+++ Given data
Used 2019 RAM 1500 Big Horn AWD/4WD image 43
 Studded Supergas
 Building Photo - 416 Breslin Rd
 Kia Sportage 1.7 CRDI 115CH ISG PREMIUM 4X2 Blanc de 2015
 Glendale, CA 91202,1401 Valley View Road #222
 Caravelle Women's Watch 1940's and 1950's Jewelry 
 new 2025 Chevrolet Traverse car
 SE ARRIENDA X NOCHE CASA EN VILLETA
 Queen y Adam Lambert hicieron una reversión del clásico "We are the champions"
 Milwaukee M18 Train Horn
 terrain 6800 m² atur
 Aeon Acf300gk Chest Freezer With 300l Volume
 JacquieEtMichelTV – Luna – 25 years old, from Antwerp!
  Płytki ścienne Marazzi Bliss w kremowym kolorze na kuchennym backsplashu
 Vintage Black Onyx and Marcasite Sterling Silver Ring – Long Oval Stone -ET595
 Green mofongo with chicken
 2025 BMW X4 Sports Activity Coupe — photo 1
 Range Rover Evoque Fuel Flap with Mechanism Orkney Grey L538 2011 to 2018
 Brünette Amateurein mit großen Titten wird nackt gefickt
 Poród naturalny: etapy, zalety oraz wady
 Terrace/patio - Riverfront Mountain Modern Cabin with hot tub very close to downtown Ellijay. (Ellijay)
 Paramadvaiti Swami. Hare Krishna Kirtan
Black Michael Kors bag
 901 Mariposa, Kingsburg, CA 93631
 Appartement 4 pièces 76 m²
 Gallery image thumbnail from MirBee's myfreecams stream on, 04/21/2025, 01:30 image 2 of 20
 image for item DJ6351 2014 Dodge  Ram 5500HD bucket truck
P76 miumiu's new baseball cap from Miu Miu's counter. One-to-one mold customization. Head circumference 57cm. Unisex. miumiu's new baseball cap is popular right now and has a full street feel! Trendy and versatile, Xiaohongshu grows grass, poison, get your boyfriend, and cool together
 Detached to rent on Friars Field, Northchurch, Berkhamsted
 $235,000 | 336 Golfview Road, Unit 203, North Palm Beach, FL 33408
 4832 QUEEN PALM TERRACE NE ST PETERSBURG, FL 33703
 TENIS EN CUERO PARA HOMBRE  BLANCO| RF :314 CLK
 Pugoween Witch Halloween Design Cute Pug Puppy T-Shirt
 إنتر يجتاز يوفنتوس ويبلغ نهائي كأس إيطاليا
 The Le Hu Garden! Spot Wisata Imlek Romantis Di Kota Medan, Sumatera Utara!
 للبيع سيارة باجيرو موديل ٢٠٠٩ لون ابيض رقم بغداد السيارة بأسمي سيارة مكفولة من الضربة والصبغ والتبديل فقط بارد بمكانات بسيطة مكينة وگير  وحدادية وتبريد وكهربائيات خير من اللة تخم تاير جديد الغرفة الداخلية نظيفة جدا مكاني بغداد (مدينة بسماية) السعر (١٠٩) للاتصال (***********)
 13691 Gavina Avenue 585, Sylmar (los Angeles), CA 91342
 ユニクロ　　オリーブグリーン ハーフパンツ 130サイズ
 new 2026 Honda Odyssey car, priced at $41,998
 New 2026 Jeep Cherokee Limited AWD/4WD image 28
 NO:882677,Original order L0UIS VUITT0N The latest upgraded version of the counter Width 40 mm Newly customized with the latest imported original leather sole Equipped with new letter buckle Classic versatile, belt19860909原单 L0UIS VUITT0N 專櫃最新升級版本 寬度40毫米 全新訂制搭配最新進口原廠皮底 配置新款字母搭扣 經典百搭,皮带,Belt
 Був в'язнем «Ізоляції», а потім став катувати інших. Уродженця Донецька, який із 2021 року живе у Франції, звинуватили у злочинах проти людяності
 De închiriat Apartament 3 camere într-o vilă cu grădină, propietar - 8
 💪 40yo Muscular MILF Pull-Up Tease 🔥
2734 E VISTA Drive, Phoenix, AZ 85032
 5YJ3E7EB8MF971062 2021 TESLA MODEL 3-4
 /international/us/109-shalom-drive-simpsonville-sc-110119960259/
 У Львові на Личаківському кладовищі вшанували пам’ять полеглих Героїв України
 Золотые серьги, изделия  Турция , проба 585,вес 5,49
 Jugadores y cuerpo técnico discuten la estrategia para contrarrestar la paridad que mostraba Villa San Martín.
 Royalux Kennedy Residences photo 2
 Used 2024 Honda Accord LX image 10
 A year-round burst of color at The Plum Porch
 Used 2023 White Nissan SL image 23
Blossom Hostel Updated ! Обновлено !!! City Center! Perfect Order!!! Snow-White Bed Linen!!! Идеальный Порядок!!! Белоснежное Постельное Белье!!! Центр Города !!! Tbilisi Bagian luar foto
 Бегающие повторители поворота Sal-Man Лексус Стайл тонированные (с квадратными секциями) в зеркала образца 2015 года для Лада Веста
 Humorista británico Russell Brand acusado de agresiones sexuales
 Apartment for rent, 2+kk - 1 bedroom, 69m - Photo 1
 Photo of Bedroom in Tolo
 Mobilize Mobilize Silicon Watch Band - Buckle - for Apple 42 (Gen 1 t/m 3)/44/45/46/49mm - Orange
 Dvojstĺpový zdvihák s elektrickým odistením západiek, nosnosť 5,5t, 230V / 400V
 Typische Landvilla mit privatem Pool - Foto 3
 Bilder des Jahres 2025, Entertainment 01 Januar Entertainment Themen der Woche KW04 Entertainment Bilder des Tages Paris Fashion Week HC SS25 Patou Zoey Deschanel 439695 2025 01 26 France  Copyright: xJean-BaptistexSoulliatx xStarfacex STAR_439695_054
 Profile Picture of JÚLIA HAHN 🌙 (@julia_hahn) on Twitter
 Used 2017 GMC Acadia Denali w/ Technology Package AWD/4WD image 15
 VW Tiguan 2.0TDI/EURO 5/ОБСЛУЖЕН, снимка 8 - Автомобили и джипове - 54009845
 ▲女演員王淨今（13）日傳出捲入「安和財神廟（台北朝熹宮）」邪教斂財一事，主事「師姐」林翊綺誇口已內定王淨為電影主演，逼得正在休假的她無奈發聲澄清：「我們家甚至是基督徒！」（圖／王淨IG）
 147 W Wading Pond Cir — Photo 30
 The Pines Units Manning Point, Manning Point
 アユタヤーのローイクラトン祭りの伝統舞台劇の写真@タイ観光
++++++
■ **Problem details**
When you reach the line containing "Brünette Amateurein mit" in the data above, start copying exactly, and stop after the line containing "Black Michael Kors bag".

■ **Response to this exercise**
 Brünette Amateurein mit großen Titten wird nackt gefickt
 Poród naturalny: etapy, zalety oraz wady
 Terrace/patio - Riverfront Mountain Modern Cabin with hot tub very close to downtown Ellijay. (Ellijay)
 Paramadvaiti Swami. Hare Krishna Kirtan
Black Michael Kors bag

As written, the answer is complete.